Jack Lang a annoncé, lundi 20 août, un accord entre l’...tat et IBM sur l’utilisation d’un logiciel. Pour Jean Peyratou, promoteur du logiciel libre, cette politique contredit les orientations prises précédemment par le gouvernement.
Jack Lang n’a pas l’air particulièrement branché logiciels libres. Et d’aucuns, à Hourtin, sussurrent qu’il n’est pas motivé par les logiciels tout court. Ce qui se conçoit. Mais mécontente certains. L’expérimentation d’un bureau virtuel à l’université de Strasbourg, élaborée pour une part avec Microsoft, et reprise par le Conseil général des Landes pour tester ses premiers cartables électroniques faisait déjà grimacer certains promoteurs du logiciel libre. Ceux-ci ont eu un nouveau motif de déception lors des universités d’été de la communication à Hourtin (Gironde), avec l’annonce d’un accord, lundi 20 août, entre le ministère de l’éducation nationale et IBM. La firme américaine fournira gratuitement aux élèves et profs le logiciel bureautique Lotus Notes, ainsi que la formation qui va avec. Jean Peyratou, membre de l’AFUL (association francophone des utilisateurs de Linux), qui promeut des logiciels libres destinés à l’éducation exprime sa déception.

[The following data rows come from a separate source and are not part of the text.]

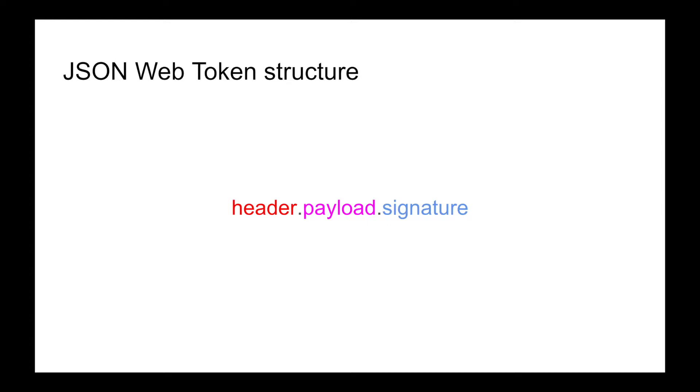Now let's see the JSON Web Token structure. A JSON Web Token looks something like this: it has a header, then a dot, then payload, then again a dot, and then it has a signature. To understand the JSON Web Token structure, let's go to the jwt.io website.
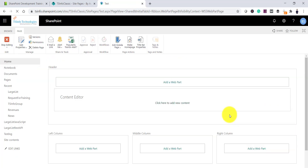If by any chance you do not see the content editor web part or script editor web part in your SharePoint site, there might be two reasons. One is if you are using the modern experience, you will not see this because you cannot inject JavaScript code using the content editor web part or script editor there. The other reason might be that you need to enable it.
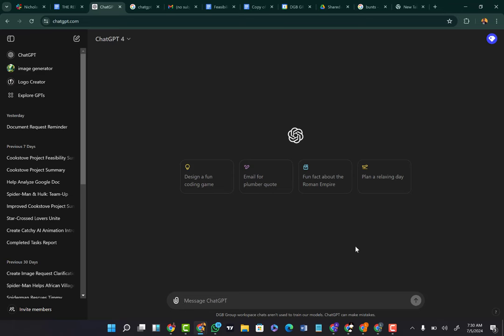I'm also going to be showing you how you can actually make your characters speak — meaning that your characters can actually talk and their mouth would move in the direction of the speech they are saying. So without further ado, let's hop right in. The first thing I want to do is ask ChatGPT to give us a prompt. I'm going to enter a prompt and ask ChatGPT to create an African folk tale story for us.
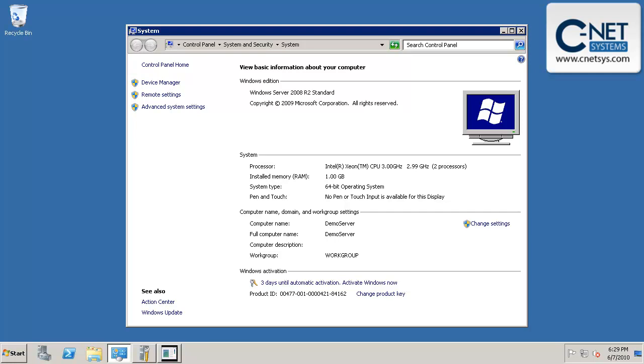In this video, we'll go through the next steps we have to take towards preparing our new 2008 server for our new domain controller.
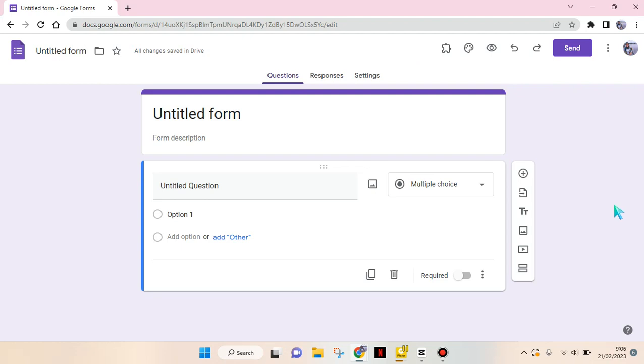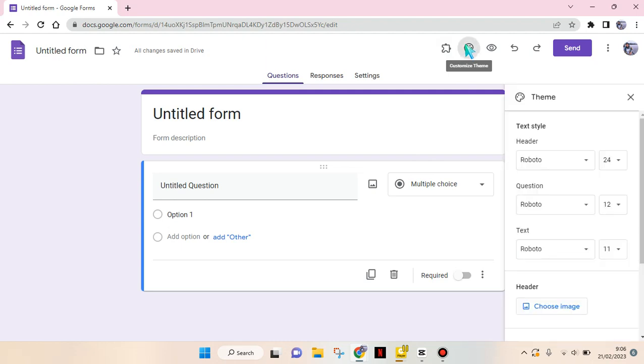that the Google Form is still blank like this. To add a header, you just need to go to the customize theme options at the top right here. This one, customize theme. Just click on that and then here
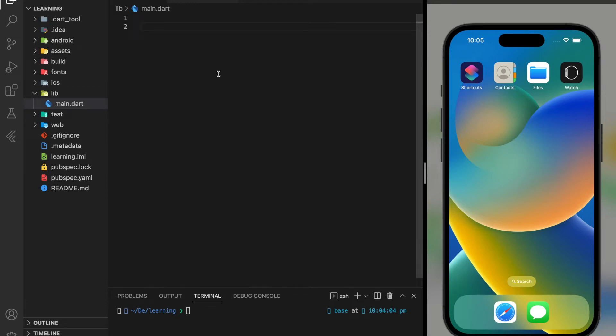Welcome back to my channel. In this tutorial, I will show you how to use Lottie files as your splash screen in your Flutter app.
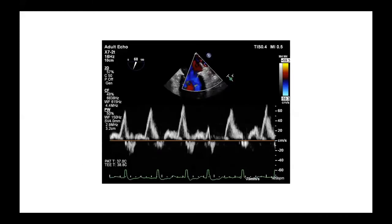Here we have a pulmonary venous flow on the left upper pulmonary vein, which shows systolic blunting of the S-wave, implying at least moderate MR. Good practice is to try to evaluate more than one pulmonary vein for a more accurate measure of mitral regurgitation — you may not see blunting in one vein but may see it in two or more.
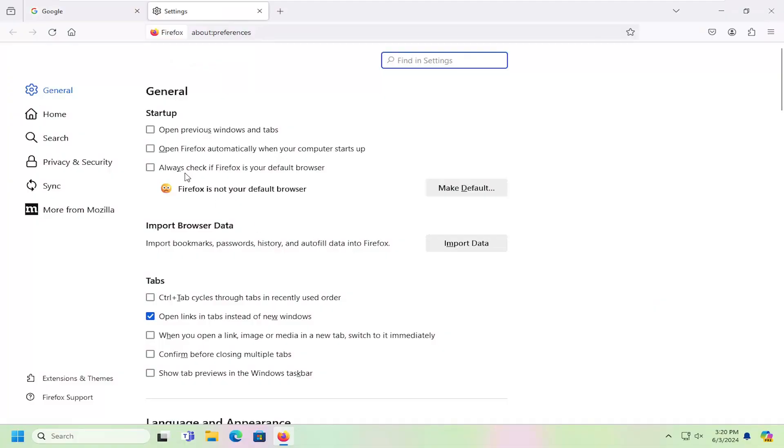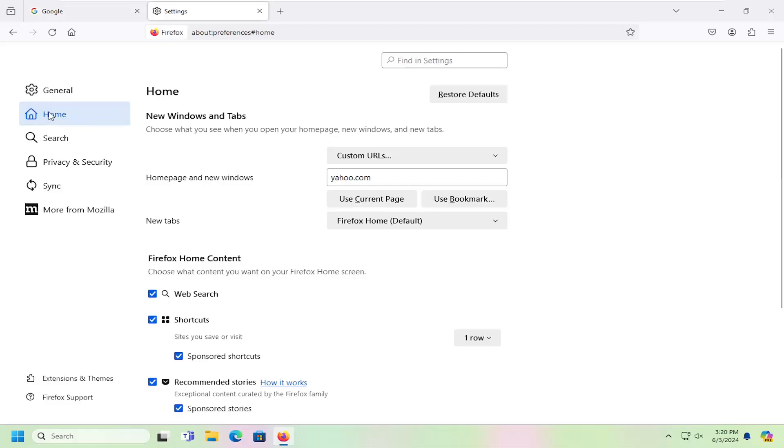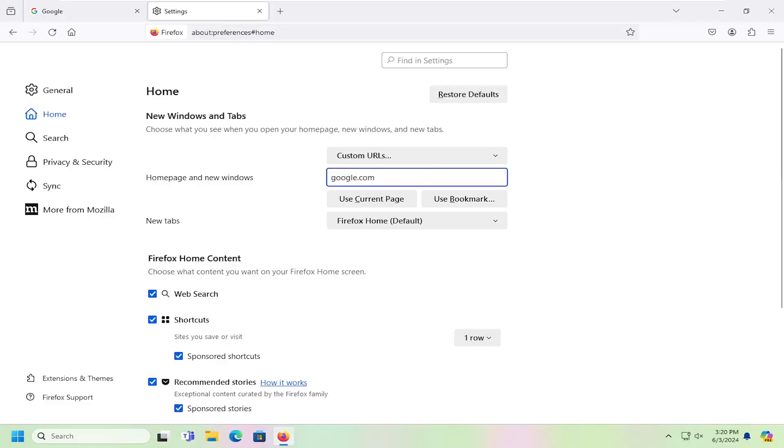Now you want to go on the left side and select Firefox Home, and then Firefox Home page and new windows. Leave whatever's in here and type in google.com. Then you will need to relaunch the web browser for the change to take effect. But that should be about it.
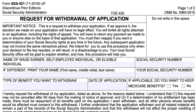We'll be going over form SSA-521, Request for Withdrawal of Application. You would use this Social Security form if you've already applied for Social Security benefits and you choose to withdraw your application in writing.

Que pensez-vous de ce type d’accord ?
Je suis troublé par le manque de clarté du discours public, émanant du ministère de l’...ducation nationale mais pas uniquement, qui dit tout et son contraire. Le discours de Michel Sapin [ministre de la fonction publique], au printemps dernier à Sofia Antipolis, qui prônait le développement du libre dans l’administration et dans l’éducation nationale, semblait très en phase avec nos préoccupations. Si vous allez sur le site de Matignon qui renvoie sur le "bouquet du libre" [un index de logiciels libres], vous avez l’impression que le gouvernement est très présent sur le sujet. Mais dans les actes, ce n’est pas le cas. Le rapport Carcenac et son application nous ont, pour l’instant, beaucoup déçu.
Vous attendiez-vous à un geste politique ou à un soutien économique ?
Nous souhaitons que le gouvernement dise clairement que lorsqu’il existe des solutions libres techniquement satisfaisantes, elles doivent être adoptées de préférence.
Les propositions de loi sur le libre ou les standards ouverts, déposées l’an dernier par différents députés, mettaient surtout en avant la sécurité de l’Etat. Est-ce valable pour l’éducation ?
La question n’est pas tout à fait la même, même si les établissements scolaires sont amenés à échanger des données confidentielles. Mais pour nous, c’est une question de principe républicain. Disposer des sources et faire profiter la communauté des adaptations de chacun semble participer de ce principe. Or, nous considérons que les accords qui promeuvent l’utilisation de logiciels propriétaires dans l’éducation nationale tendent à faire de l’éducation une marchandise. Pour certains, il semble aujourd’hui acquis que les outils pédagogiques doivent émanés du secteur marchand. Pour nous, c’est tout sauf une évidence.
Libre ne veut pas forcément dire non marchand. La formation peut être facturée...
Oui, mais le logiciel en lui-même est non marchand. Et, par ailleurs, il semblerait logique que l’...tat, lorsqu’il utilise nos impôts pour subventionner la recherche en logiciel, pousse des projets qui resteront librement utilisables et modifiables par tous.
Quels sont les arguments des pouvoirs publics avec qui vous dialoguez ?
Nous arrivons à nouer des conventions avec les collectivités territoriales. Mais au niveau national, il y a un problème de volonté. En dehors de certains conseillers ministériels, qui ont promu le libre, nous avons l’impression que les cabinets ne comprennent pas ce que nous faisons. Que certains préfèrent le schéma classique qui consiste à avoir un seul interlocuteur bien identifié. Sachant qu’on reprochera toujours moins à quelqu’un d’avoir opté pour un logiciel de Microsoft qui pose problème que s’il a choisi du libre.